An exact copy of every entry is required, minus the pictures.

== Segment start ==

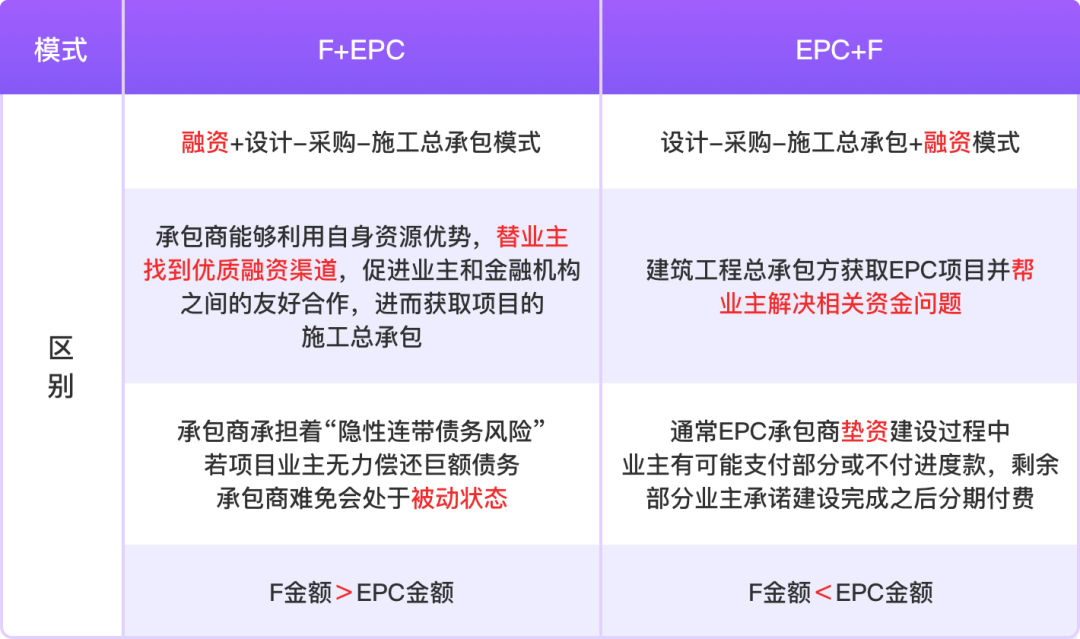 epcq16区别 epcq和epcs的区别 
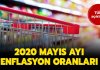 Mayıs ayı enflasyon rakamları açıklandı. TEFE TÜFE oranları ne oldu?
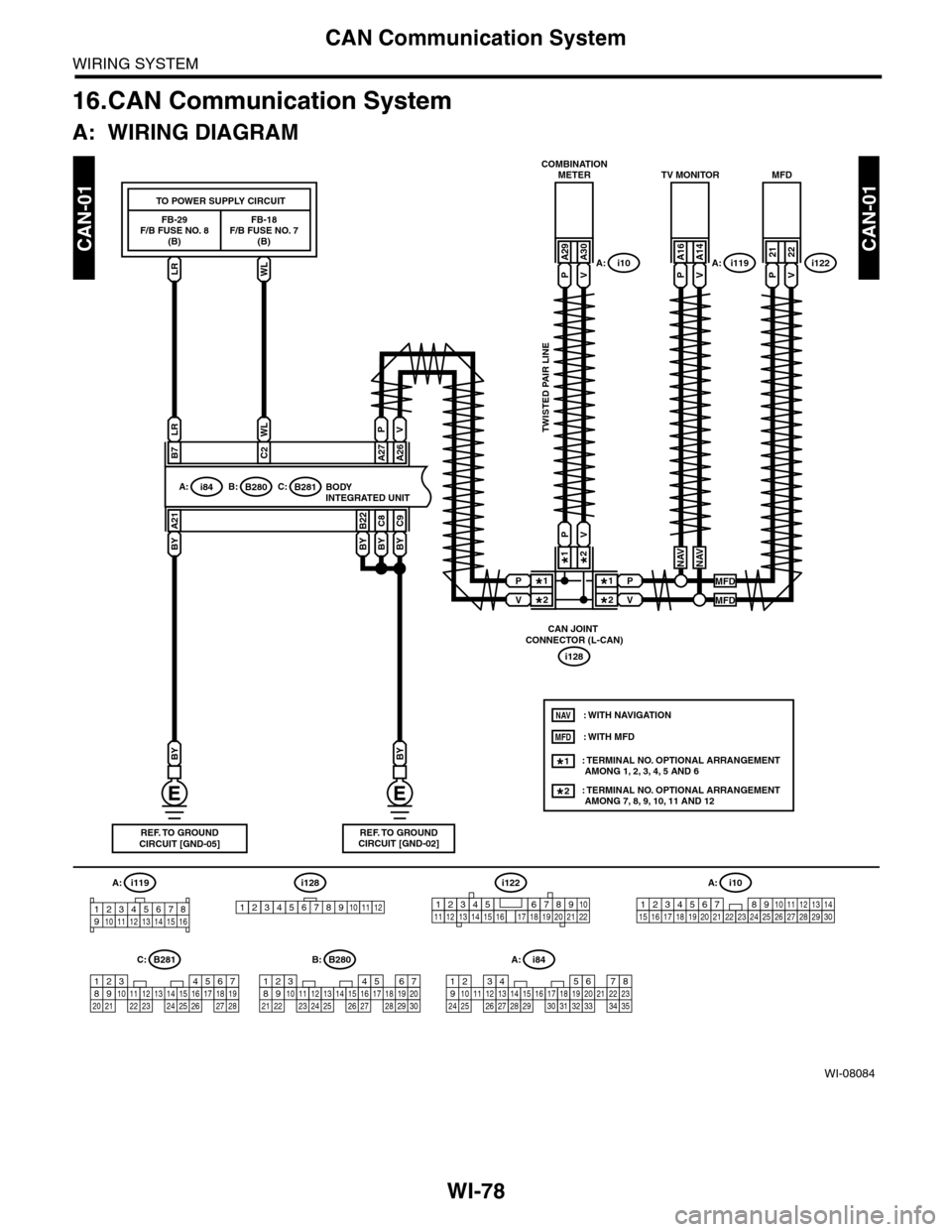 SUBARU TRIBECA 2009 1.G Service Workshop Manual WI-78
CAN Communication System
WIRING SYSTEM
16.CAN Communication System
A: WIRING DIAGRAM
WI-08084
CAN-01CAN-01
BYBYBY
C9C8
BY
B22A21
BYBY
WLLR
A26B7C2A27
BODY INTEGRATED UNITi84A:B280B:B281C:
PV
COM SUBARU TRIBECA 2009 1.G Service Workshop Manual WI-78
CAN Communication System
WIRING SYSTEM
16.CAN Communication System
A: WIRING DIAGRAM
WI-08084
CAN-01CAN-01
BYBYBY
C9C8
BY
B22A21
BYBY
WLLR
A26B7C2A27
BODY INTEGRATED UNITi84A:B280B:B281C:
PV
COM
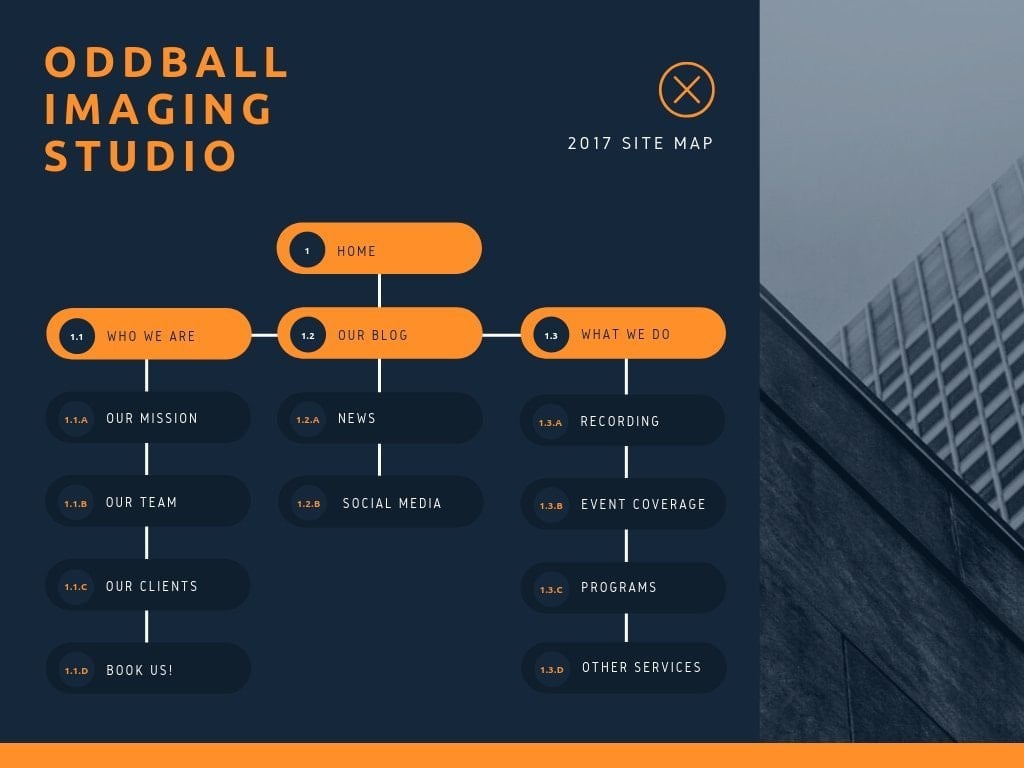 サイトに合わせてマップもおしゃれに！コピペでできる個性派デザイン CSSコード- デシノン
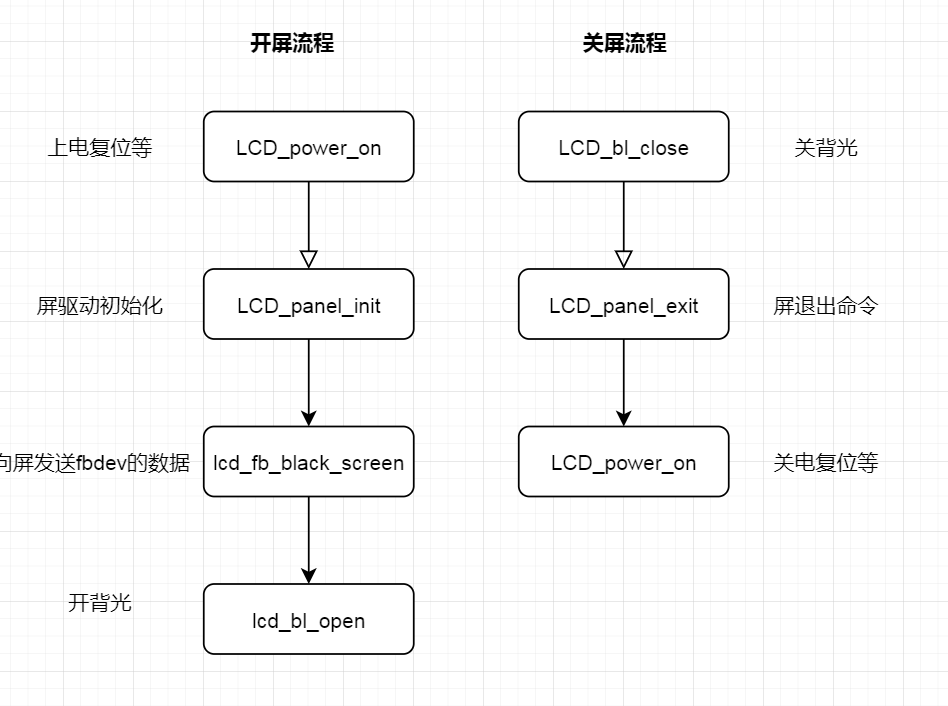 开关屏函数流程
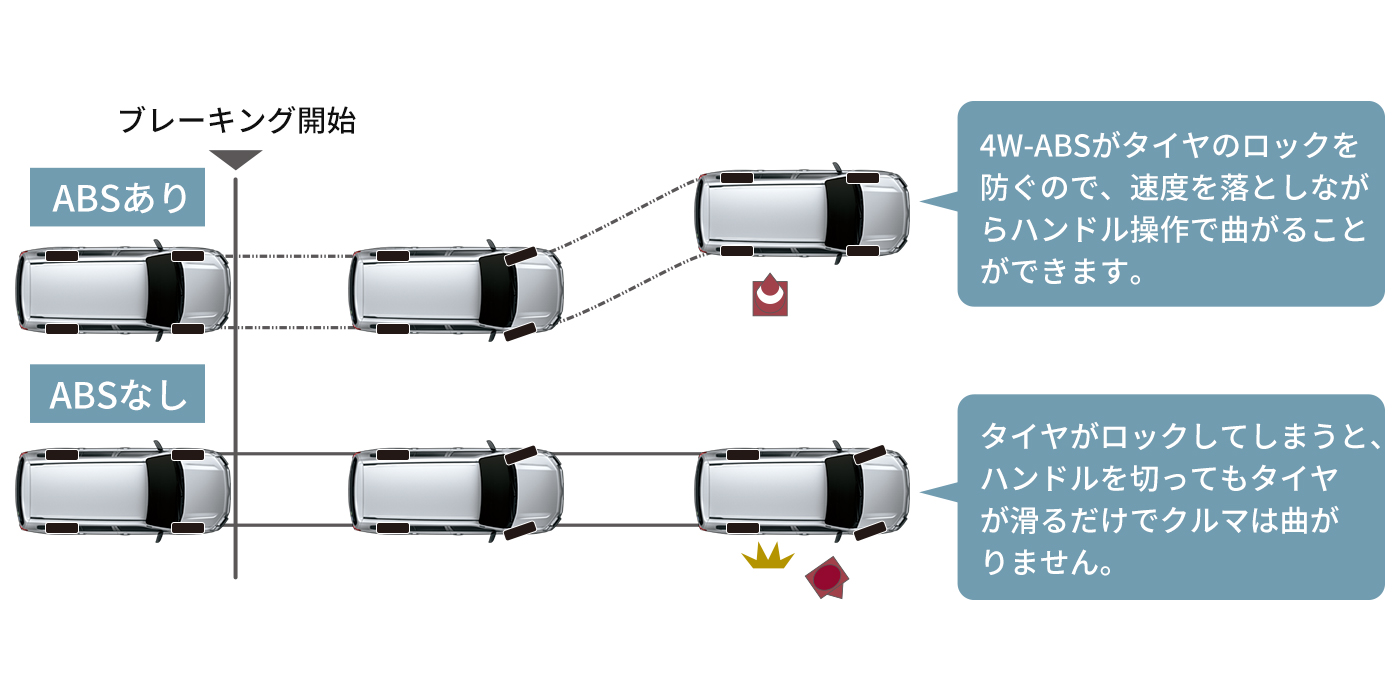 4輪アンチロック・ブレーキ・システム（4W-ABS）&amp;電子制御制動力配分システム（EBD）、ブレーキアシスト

== Segment end ==

* **Result for this task**
 epcq16区别 epcq和epcs的区别 
 Mayıs ayı enflasyon rakamları açıklandı. TEFE TÜFE oranları ne oldu?
 SUBARU TRIBECA 2009 1.G Service Workshop Manual WI-78
CAN Communication System
WIRING SYSTEM
16.CAN Communication System
A: WIRING DIAGRAM
WI-08084
CAN-01CAN-01
BYBYBY
C9C8
BY
B22A21
BYBY
WLLR
A26B7C2A27
BODY INTEGRATED UNITi84A:B280B:B281C:
PV
COM SUBARU TRIBECA 2009 1.G Service Workshop Manual WI-78
CAN Communication System
WIRING SYSTEM
16.CAN Communication System
A: WIRING DIAGRAM
WI-08084
CAN-01CAN-01
BYBYBY
C9C8
BY
B22A21
BYBY
WLLR
A26B7C2A27
BODY INTEGRATED UNITi84A:B280B:B281C:
PV
COM
 サイトに合わせてマップもおしゃれに！コピペでできる個性派デザイン CSSコード- デシノン
 开关屏函数流程
 4輪アンチロック・ブレーキ・システム（4W-ABS）&amp;電子制御制動力配分システム（EBD）、ブレーキアシスト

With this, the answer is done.